In PLOS Genetics, researchers from Germany, the UK, Denmark, and elsewhere describe new genes with apparent ties to sporadic thoracic aortic aneurysm and other forms of congenital heart disease (CHD). Using copy number variant data for 7,958 individuals with CHD and nearly 14,000 without, along with de novo variant insights gleaned from almost 2,500 parent-child trios, the team searched for genes with an over-representation of rare alterations in the CHD-affected individuals, focusing in on 14 known and seven new CHD-associated genes. For a subsequent systems-based analysis, the authors incorporated protein interaction network data to identify pertinent pathways related to heart morphogenesis, Notch signaling, DNA repair, and other processes. "This analysis, which is one of the larger meta-analyses of genomic variants in CHD so far, strengthens the disease association of known CHD genes and identifies novel haploinsufficient CHD candidate genes," they write.
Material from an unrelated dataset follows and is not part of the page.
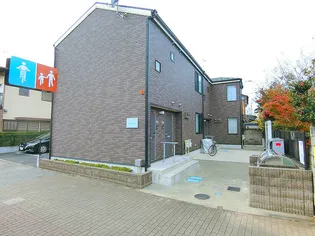 レオネクストエスペランサ【202号室】の外観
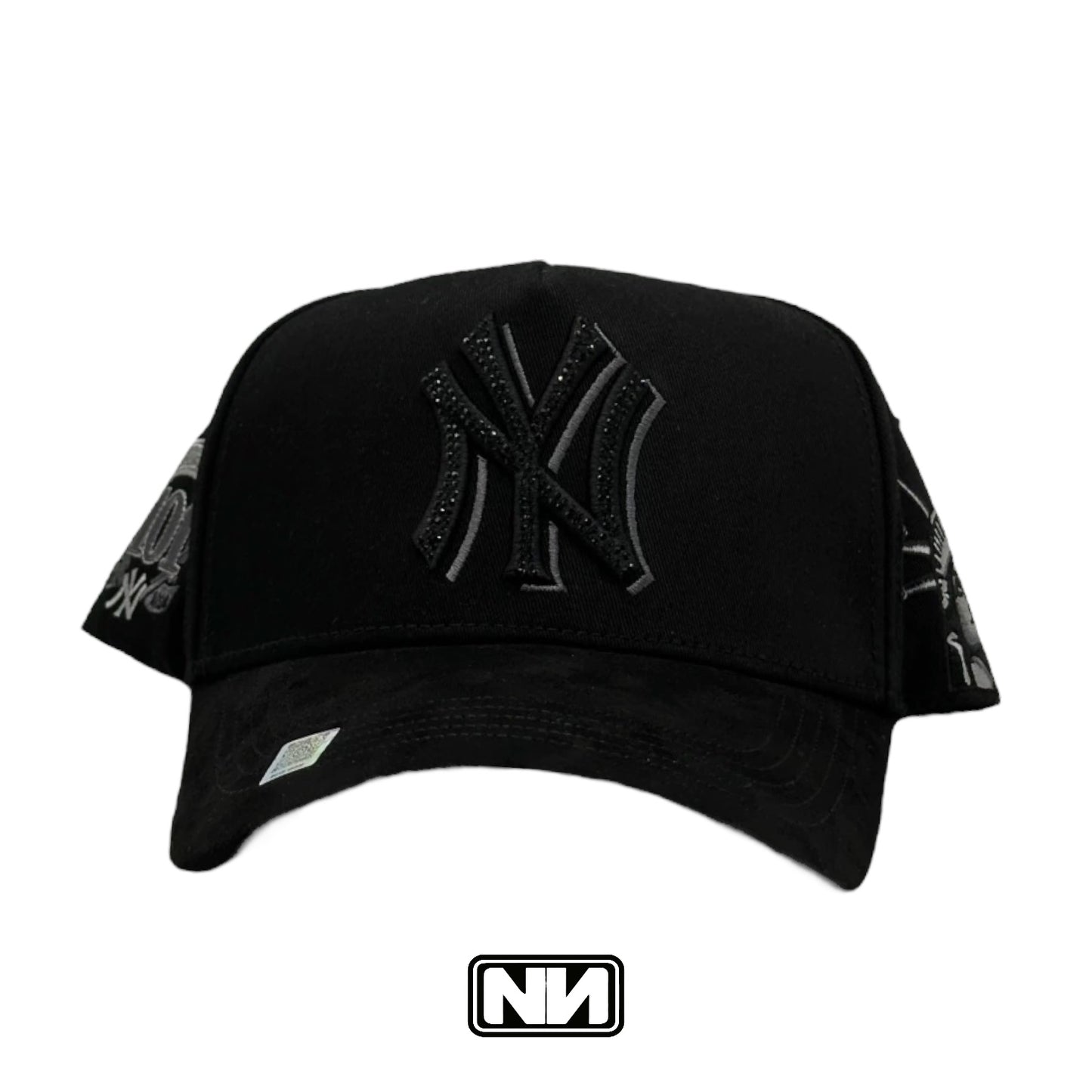 NY CRYSTAL NEGRA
For a paper in PLOS Pathogens, a team led by investigators from the Australian Centre for Disease Preparedness flags a handful of microRNAs with altered expression in blood plasma from individuals with COVID-19. Starting with plasma samples collected over time from 10 individuals treated for SARS-CoV-2 infections at a hospital in Melbourne in early 2020, along with samples from as many unaffected, symptom-free individuals who tested negative for COVID-19, the team used small RNA sequencing to find dozens of miRNAs with expression shifts in early-stages of infection and in COVID-19 cases that involved oxygen treatment. From there, they turned to machine learning to whittle that set down to three infection-related miRNAs — a signature that successfully identified SARS-CoV-2 infections in humans and in a ferret model. "[T]his study exemplifies how analysis of miRNA responses to SARS-CoV-2 infection presents novel avenues in the characterization of cellular factors aiding in COVID-19 pathogenesis," they report, adding that the approach "presents novel opportunities for treatment and diagnosis of viral diseases."
Investigators in Cyprus outline mutations found by exome sequencing in individuals with multiple malformation syndrome (MMS) from the Greek-Cypriot population for a study published in PLOS One. By sequencing protein-coding parts of the genome in 100 individuals from 32 MMS-affected families, including 37 individuals with yet-undiagnosed forms of MMS, the team tracked down 17 MMS-related autosomal dominant de novo variants in 14 new or known risk genes that were investigated further in a series of subsequent functional analyses and experiments. "The high diagnostic yield and efficacy of [whole-exome sequencing (WES)] observed in this study suggest that WES could … be considered as a first-tier cost effective diagnostic test over conventional diagnostic approaches for MMS patients when a specific disorder is not suspected," the authors suggest, noting that "the genes in which flagged variants were identified in this study could be added in clinical exome sequencing and related panels for MMS."